That was the case until I saw footage from Baltimore on Sunday.
Gunnar leaves The Yard!! pic.twitter.com/HJTtaE9VZ8
— Baltimore Orioles (@Orioles) March 22, 2026
Atypical setting for a ballgame at this time of year, no?
The Orioles played the Nationals this weekend at Camden Yards, as the club unveiled new additions to one of the best parks in the sport. Instead of pumping out another Spring Training game in *googles where the Orioles report every February* Sarasota, they went back home with just days before the season begins in earnest.
That’s a cool idea, and I think the Red Sox should do that at least once a spring at Fenway as well.
This type of game isn’t exactly novel nowadays; the Braves opened up their new park a few years ago with an exhibition game against the Jankees, for example. Teams out west—think the LA clubs, Houston, etc.—have started doing this in the last few years (or maybe they’ve done it for years and I didn’t notice it until recently).
Wouldn’t it be great, though, if Sox fans had a more affordable alternative to regular season games?
Days and nights out at Fenway aren’t cheap; the Red Sox’s median ticket price ranked as the fifth-most expensive in the league last season at $132, according to Yahoo. Even on the cheaper end, you’re talking about $40 for a bleacher seat for most weekends (and even higher if, say, those losers from the Bronx are in town). That’s not nothing, and that isn’t even getting into the costs of concessions and souvenirs and the like.
Not everyone can afford to consistently make it out to America’s Most Beloved Ballpark during the season, so if there’s a way to open the gates up for folks right before the season starts, why not?
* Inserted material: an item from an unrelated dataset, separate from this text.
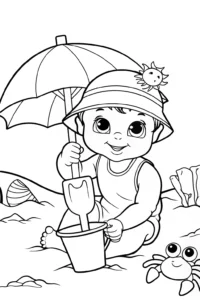 A coloring page of Baby’s Sunshine Adventure Coloring Page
FSG makes a few extra bucks and the cost for a game that doesn’t count shouldn’t be too prohibitive. No matter the game context, folks get to enjoy Fenway (or get squeezed into a grandstands seat, depending on who you ask) at a cost that isn’t an arm and a leg. It’s a special place; I don’t care if that sounds corny, it’s my favorite place to spend time. Even if the experience at this time of year isn’t the same as a summer night, it could still be a way for people to get a taste.
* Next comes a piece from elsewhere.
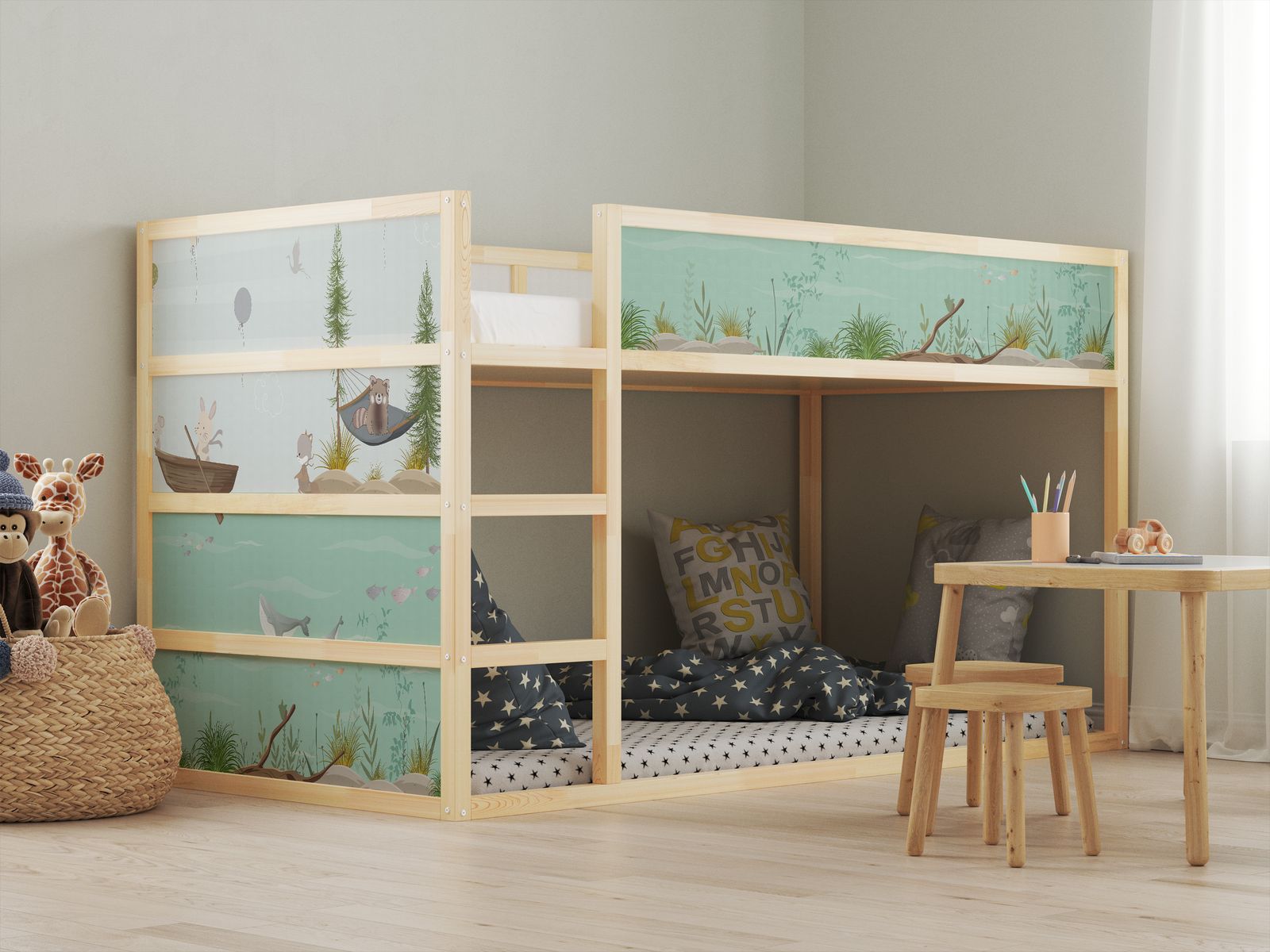 Pegatinas autoadhesivas – para cama Ikea KURA / - Adhesivo - Amigos de los animales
While our favorite baseball team is a business, it’s also a staple of this community. People build relationships and share memories at Fenway. You yourself reading this, you’re a part of that experience. Fans shouldn’t be totally priced out of taking part in that.
You might be thinking that the weather up here makes it prohibitive. Of course, our climate here in the Bay State isn’t as nice as it would be in the current Spring Training States of Florida and Arizona, or in the states where this type of practice is consistent such as California or Texas. Fenway’s hosting their first series in less than two weeks, though; is early April up here really so much different than late March? How hard can this be?
The other, bigger part of this topic involves the state of ticket prices for live events in general. Of course tickets for games or concerts is way too high, and of course a larger conversation should be had on that front. I don’t disagree with that notion. I’m just trying to appeal to an idea that is, at least, marginally better. Everything is shit nowadays—we can’t have anything nice without having to subscribe to it, and half of the stuff that’s pushed in front of is absolute slop. There’s a premium price put on everything. The cost of living only continues to climb while people’s wages don’t keep up. Maybe something like this, playing an exhibition game once or twice a spring at Fenway, can make life for some Red Sox fans a little less shitty.
I don’t have all of the larger answers (well, I guess I do: make everything, including Red Sox games, more affordable), but seeing other clubs host exhibition games at their regular home got me thinking about the same thing happening in Boston.
It feels like a slam dunk idea. I say they should do it.